[TASK ITEM]: The whole listing below must be printed again exactly, images excluded.

[INFORMATION SHOWN]:
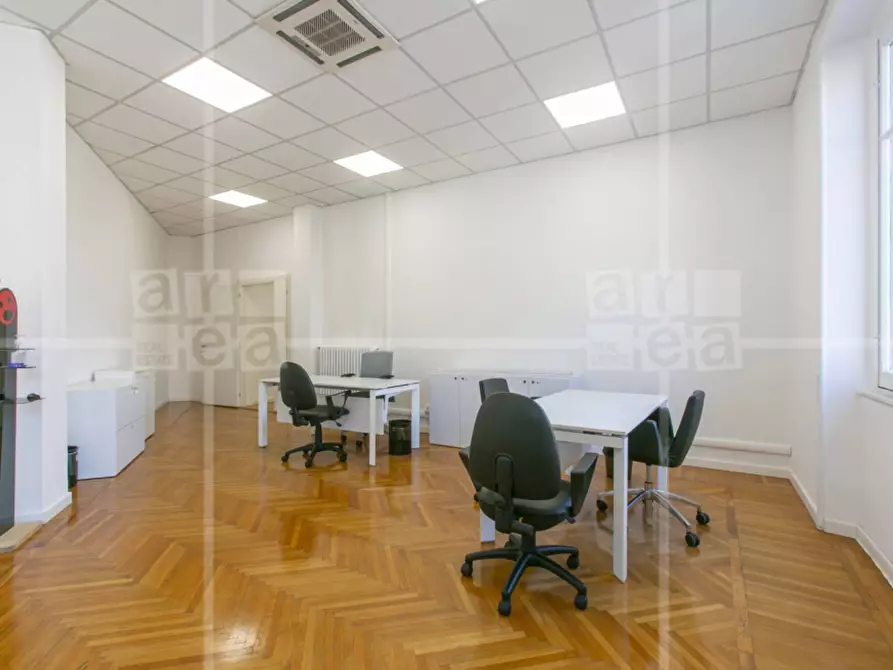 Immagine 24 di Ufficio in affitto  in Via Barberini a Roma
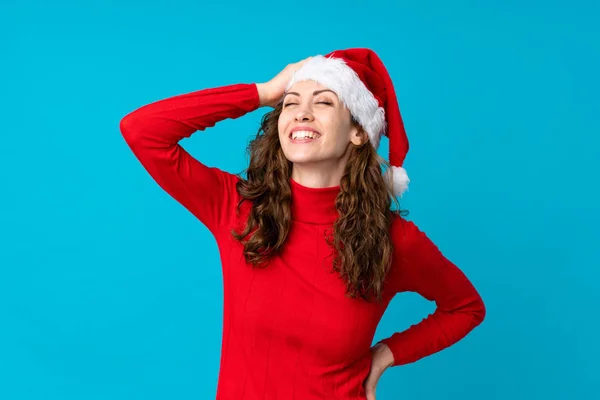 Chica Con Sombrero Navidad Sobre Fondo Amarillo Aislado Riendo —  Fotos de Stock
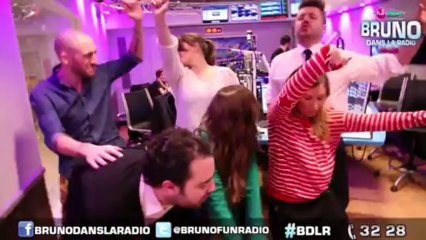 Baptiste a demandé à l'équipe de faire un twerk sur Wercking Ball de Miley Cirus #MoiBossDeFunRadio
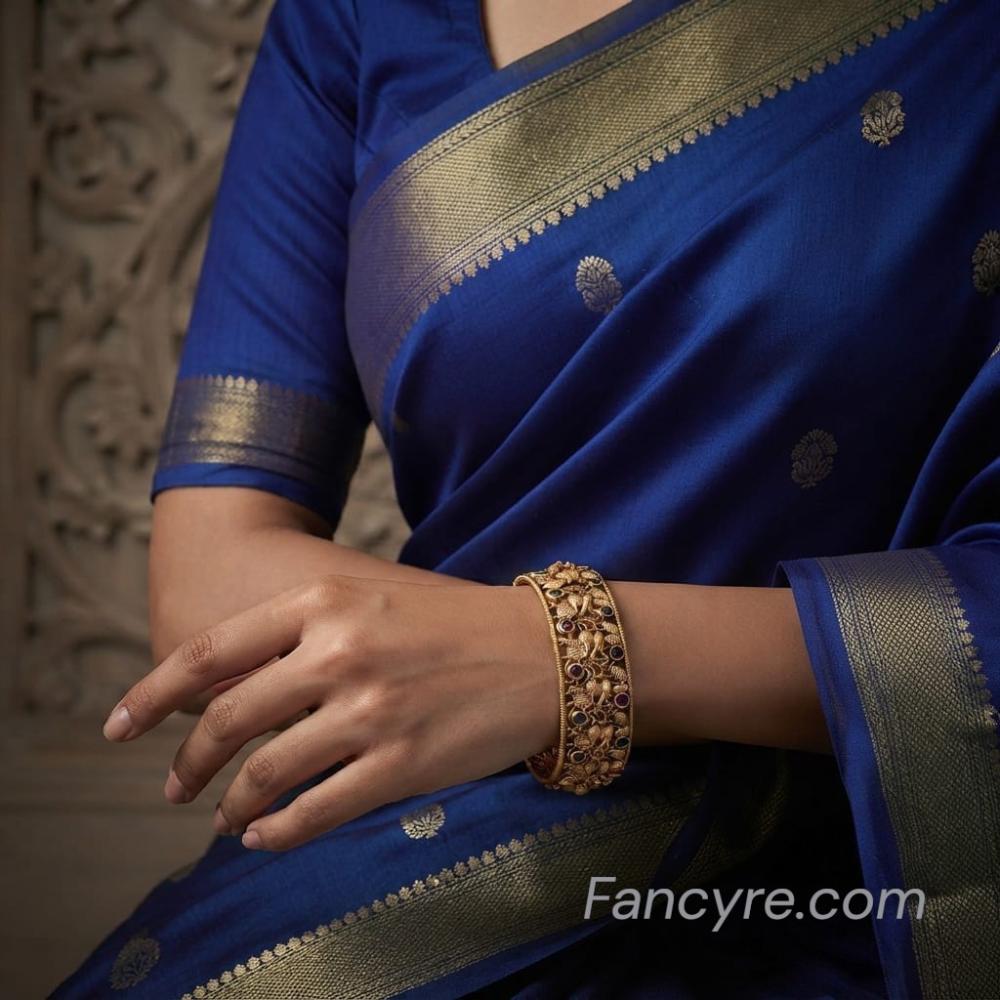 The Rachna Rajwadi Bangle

[YOUR RESPONSE]:
 Immagine 24 di Ufficio in affitto  in Via Barberini a Roma
 Chica Con Sombrero Navidad Sobre Fondo Amarillo Aislado Riendo —  Fotos de Stock
 Baptiste a demandé à l'équipe de faire un twerk sur Wercking Ball de Miley Cirus #MoiBossDeFunRadio
 The Rachna Rajwadi Bangle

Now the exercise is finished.